New Language Support Request: Ini, Conf, Property, etc. + New LineLexer utility function

GoogleCodeExporter commented 9 years ago

Love this extension. I use it for syntax highlighting on my company wiki since 
the built-in code module only supports a couple languages and then supports 
them poorly. I needed to document some linux conf files (which basically use 
the ini syntax) and noticed that the format wasn't supported, so I set out to 
write my own.

I had a hard time using the "simple" lexer. Line breaks are significant in INI 
files so I set out to write my own custom function and then packaged it in a 
reusable format. This doesn't work the same as the simple lexer.. but it suits 
my needs perfectly and I could see it being useful for other similar 
languages.. figured I'd share it. Feel free to butcher it.. add things to it.. 
make it conform more to the way you wrote the simple lexer.. rename it, even.. 
or just discard it if you don't care for it. I tried to write it following your 
coding style. Here ya go:

// The line lexer takes an array of patterns.
// Each pattern starts with a regular expression followed by a syntax color for 
each captured set in the expression.
// For instance, you might capture a key followed by an operator followed by a 
value.

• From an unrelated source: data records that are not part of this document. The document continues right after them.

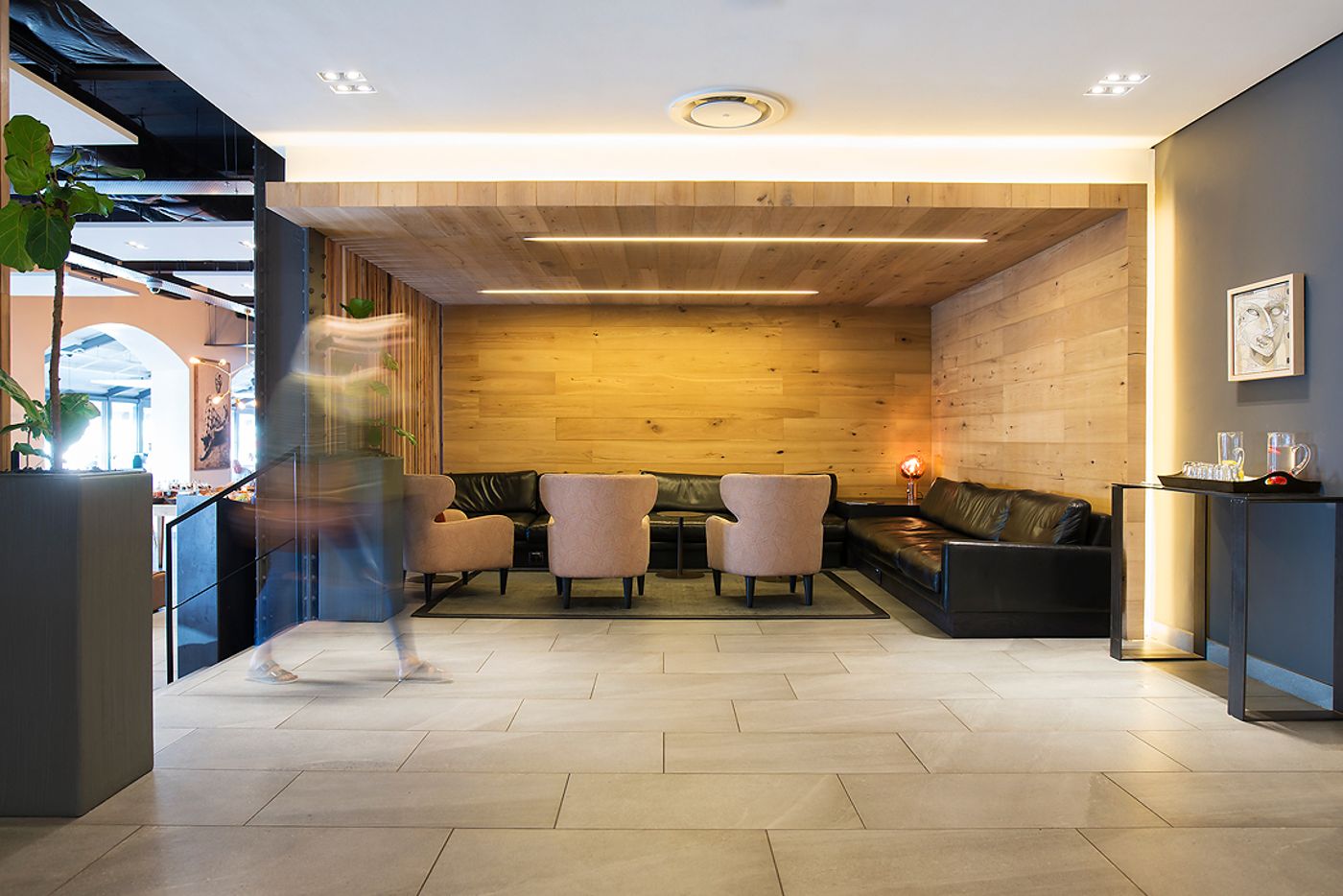 Victoria---Alfred-Hotel-by-Newmark-Lobby-7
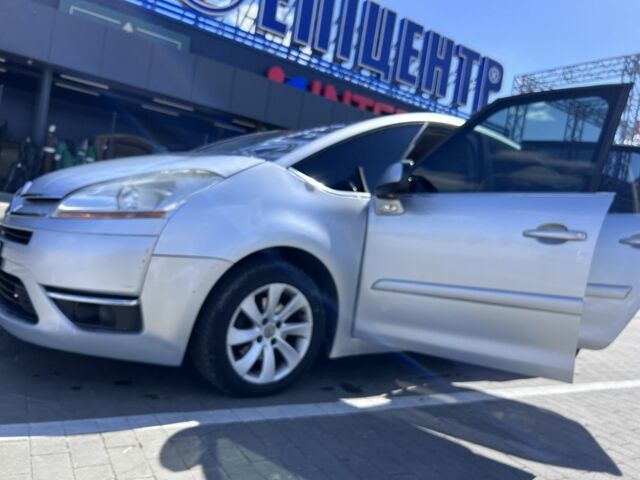 Серый Ситроен С4 Пикассо, объемом двигателя 1.6 л и пробегом 260 тыс. км за 5200 $, фото 7 на Automoto.ua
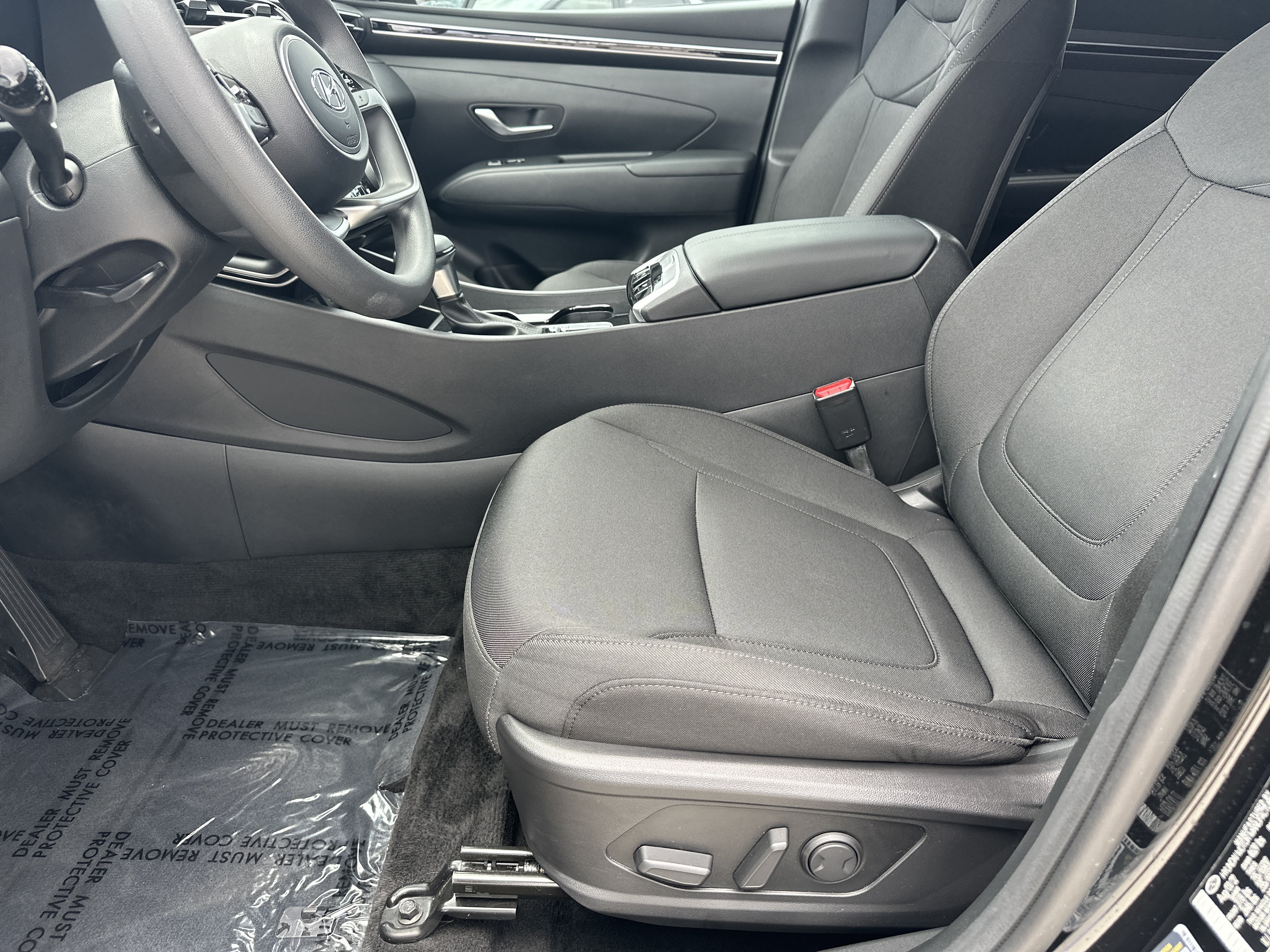 Used 2022 Phantom Black Hyundai SEL image 10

So after that regular expression,
//   there would be the syntax colors for the key, operator, and value (in 
order).
// Anything that's not captured is then given the PR_PLAIN syntax color.
// Patterns must be designed to match whole lines and they should be listed in 
order of precedence, so once a pattern
//   matches a line, that line no longer checks itself against other patterns.
function createLineLexer(patterns) {
  return function(job) {
    var lines = job.sourceCode.match(/[^\r\n]*[\r\n]+/g),
      pos = job.basePos,
      decorations = [ pos, PR['PR_PLAIN'] ],
      li, nLines = lines.length,
      line,
      pi, nPatterns = patterns.length,
      pattern,
      mi, nMatches, matches, match, mOffset, mIndex;
    // Iterate each line
    for ( li = 0; li < nLines; ++li ) {
      line = lines[li];
      // Iterate each pattern, seeing if the line matches the pattern
      for ( pi = 0; pi < nPatterns; ++pi ) {
        pattern = patterns[pi];
        matches = line.match(pattern[0]);
        if ( matches ) {
          nMatches = matches.length;
          mOffset = 0;
          // Iterate each captured set
          for ( mi = 1; mi < nMatches; ++mi ) {
            match = matches[mi];
            // Sets are captured in order, so we can find the position of the capture using indexOf with an offset
            mIndex = line.indexOf(match, mOffset);
            // This should never fail since the regex was passed, but just in case, ensure that we found the index
            if ( mIndex > -1 ) {
              mOffset = mIndex + match.length;
              // Add the decorator. Use the PR_PLAIN styling for the text following the capture
              decorations.push(pos + mIndex, pattern[mi]);
              decorations.push(pos + mIndex + match.length, PR['PR_PLAIN']);
            }
          }
          break;
        }
      }
      // Increment the pos, moving on to the next line
      pos += line.length;
    }
    // Send the decorations back with in the job
    job.decorations = decorations;
  }
};

Then here's the language handler that's using it:

PR['registerLangHandler'](
  createLineLexer([
    // If a line starts with a semicolon or hash as the first non-whitespace character then the whole line is a comment
    [ /^\s*([;#].+)/, PR['PR_COMMENT'] ],
    // If the first non-whitespace character is a left bracket and it ends with a right bracket then it's a section marker
    [ /^\s*(\[[^\]]*\])\s*$/, PR['PR_KEYWORD'] ],
    // Attributes start with a name followed by an equals sign or colon and then everything after is the value (trimmed)
    [ /^\s*(\w?.*\w)\s*([=:])\s*(.+)/, PR['PR_ATTRIB_NAME'], PR['PR_PUNCTUATION'], PR['PR_PLAIN'] ]
  ]),
  [ 'conf', 'ini', 'property' ]
);

Here's HTML to test it:

<pre class="prettyprint">
<code class="language-ini">
line1: blah
   ; hey

[gsidev]
    comment = All my dev stuff
    path = /gsidev # some comment
    force user = gsidevas
    guest ok = yes
    writeable = yes
    browseable = yes

[other]
;   path: test
    url: http://blah.com

; last modified 1 April 2001 by John Doe
[owner]
name=John Doe
organization=Acme Widgets Inc.

[database]
; use IP address in case network name resolution is not working
server=192.0.2.62     
port=143
file = "payroll.dat"

</code>
</pre>

I've also attached a file that includes all this source code along with the 
prettyprint lib so just open the html file and you can see it in action.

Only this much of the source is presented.